同社は京都を中心に東京や大阪で杖・ステッキ専門店を運営。一般的な杖・ステッキに加え、紹介した「天国のつえ」などユニークなもの製造・販売しており、総アイテム数は9000種類以上にも及ぶという。こうした同社の展開から見えてくるのが「杖をもっとお洒落に、手軽なものにしたい」という思いだ。
天気や服装に応じて使い分け
例えば眼鏡。本来は視力を矯正するための道具だが、今ではファッションアイテムとしての性格も持ち、複数の眼鏡をTPOによって使い分けることも珍しくない。「杖も同様に、その日の外出先、天気、服装などに合わせて使い分けをして欲しい」と同社は提案する。
実際に同社の常連客の中には1人で何本もの杖を保有している人が少なくない。「お洒落な杖なら『友達にも見せたい』と思い、積極的に外出するようになる。結果的に高齢者・障害者の社会的孤立や歩行能力の低下を防ぐことができる」と同社ではコメントする。
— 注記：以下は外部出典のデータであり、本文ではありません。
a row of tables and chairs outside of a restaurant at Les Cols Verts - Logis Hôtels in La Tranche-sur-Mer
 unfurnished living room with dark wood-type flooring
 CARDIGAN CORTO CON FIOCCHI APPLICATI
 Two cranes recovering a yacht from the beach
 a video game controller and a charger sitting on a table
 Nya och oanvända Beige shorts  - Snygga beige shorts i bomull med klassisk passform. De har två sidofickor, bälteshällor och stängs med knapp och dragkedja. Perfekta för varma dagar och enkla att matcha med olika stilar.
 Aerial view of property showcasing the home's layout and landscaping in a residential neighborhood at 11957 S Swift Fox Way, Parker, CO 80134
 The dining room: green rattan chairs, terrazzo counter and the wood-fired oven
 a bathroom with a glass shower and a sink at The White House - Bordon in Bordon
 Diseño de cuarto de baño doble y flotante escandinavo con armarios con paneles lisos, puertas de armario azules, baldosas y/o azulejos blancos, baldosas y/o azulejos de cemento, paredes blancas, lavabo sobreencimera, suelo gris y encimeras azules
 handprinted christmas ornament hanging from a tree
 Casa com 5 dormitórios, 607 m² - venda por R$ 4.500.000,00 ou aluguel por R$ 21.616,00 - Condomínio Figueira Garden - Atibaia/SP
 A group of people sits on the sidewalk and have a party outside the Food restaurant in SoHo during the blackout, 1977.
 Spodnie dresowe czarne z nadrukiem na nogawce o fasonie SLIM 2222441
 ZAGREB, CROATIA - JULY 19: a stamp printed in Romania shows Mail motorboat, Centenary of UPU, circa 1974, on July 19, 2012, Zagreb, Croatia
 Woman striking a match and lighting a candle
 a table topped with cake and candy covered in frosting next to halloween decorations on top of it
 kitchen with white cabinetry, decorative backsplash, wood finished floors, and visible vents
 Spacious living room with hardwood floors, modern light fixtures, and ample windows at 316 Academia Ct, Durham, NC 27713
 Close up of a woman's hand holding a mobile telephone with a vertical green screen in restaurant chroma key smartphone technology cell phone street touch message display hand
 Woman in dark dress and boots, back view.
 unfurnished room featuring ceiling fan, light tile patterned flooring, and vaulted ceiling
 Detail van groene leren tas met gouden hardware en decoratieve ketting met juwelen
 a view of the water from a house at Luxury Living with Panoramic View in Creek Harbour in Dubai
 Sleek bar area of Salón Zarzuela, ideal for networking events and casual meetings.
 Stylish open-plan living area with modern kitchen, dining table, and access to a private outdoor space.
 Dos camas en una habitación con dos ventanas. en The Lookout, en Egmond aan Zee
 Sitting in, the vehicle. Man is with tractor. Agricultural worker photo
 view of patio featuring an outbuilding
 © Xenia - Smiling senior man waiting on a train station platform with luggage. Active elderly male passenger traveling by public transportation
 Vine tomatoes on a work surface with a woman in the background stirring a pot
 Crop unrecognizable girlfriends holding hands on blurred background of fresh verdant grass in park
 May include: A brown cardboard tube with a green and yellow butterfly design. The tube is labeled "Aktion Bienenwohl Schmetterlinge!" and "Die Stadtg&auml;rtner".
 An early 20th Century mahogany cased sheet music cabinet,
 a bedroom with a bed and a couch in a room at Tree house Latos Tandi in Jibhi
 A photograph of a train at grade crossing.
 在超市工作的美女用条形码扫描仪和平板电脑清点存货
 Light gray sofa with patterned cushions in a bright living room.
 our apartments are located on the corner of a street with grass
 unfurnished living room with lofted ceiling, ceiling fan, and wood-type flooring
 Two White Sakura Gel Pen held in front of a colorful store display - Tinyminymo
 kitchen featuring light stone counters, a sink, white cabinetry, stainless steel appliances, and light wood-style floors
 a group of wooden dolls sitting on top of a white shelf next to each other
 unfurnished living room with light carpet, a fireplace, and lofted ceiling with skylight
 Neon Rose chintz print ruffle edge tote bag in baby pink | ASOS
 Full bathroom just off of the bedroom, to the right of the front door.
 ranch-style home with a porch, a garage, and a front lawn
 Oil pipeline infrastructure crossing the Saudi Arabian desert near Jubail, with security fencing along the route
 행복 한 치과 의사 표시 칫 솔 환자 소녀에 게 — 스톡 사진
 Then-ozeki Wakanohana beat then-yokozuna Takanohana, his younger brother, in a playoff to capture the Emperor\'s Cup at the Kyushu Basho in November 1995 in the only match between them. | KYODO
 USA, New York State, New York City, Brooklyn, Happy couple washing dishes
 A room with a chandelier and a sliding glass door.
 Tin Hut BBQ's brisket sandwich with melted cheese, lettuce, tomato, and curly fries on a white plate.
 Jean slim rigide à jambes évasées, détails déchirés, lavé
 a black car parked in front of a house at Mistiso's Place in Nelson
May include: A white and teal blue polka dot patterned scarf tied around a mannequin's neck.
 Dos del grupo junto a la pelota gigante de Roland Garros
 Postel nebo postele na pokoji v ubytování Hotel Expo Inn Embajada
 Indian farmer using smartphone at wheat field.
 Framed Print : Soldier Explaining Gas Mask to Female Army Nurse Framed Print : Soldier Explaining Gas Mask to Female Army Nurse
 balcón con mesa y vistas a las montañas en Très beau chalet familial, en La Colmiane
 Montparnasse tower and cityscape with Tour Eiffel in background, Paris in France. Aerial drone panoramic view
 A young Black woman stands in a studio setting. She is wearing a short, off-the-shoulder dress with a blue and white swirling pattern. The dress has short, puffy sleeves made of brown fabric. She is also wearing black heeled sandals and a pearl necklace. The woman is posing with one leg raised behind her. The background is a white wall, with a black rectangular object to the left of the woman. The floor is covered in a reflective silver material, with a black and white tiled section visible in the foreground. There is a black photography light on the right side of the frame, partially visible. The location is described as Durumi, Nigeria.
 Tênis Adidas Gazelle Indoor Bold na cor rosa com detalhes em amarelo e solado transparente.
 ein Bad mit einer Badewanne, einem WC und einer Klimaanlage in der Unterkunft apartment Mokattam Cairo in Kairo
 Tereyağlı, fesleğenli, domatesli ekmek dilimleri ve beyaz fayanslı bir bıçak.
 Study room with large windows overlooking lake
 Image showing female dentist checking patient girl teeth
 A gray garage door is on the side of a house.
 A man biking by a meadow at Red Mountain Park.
また、単に「歩行を支える」以外の機能・特徴を重視しているのも同社の特徴だ。例えば扱う杖の中で最も高いものは約200万円もする。京都の伝統技能である螺鈿細工を施し、工芸品としての性格を持たせている。
外国人が日本土産に買って帰る
「杖を福祉用具として考えるのではなく、もっと気軽に使ってほしい」を実践しているのは実は外国人だという。同社が京都の新京極に構えている店舗は来店者のほとんどが外国人観光客。ちょっとお洒落な杖を「日本の土産に」と買い求めていくのだという。和風テイストのものや有名キャラクターがデザインされたものが人気だとか。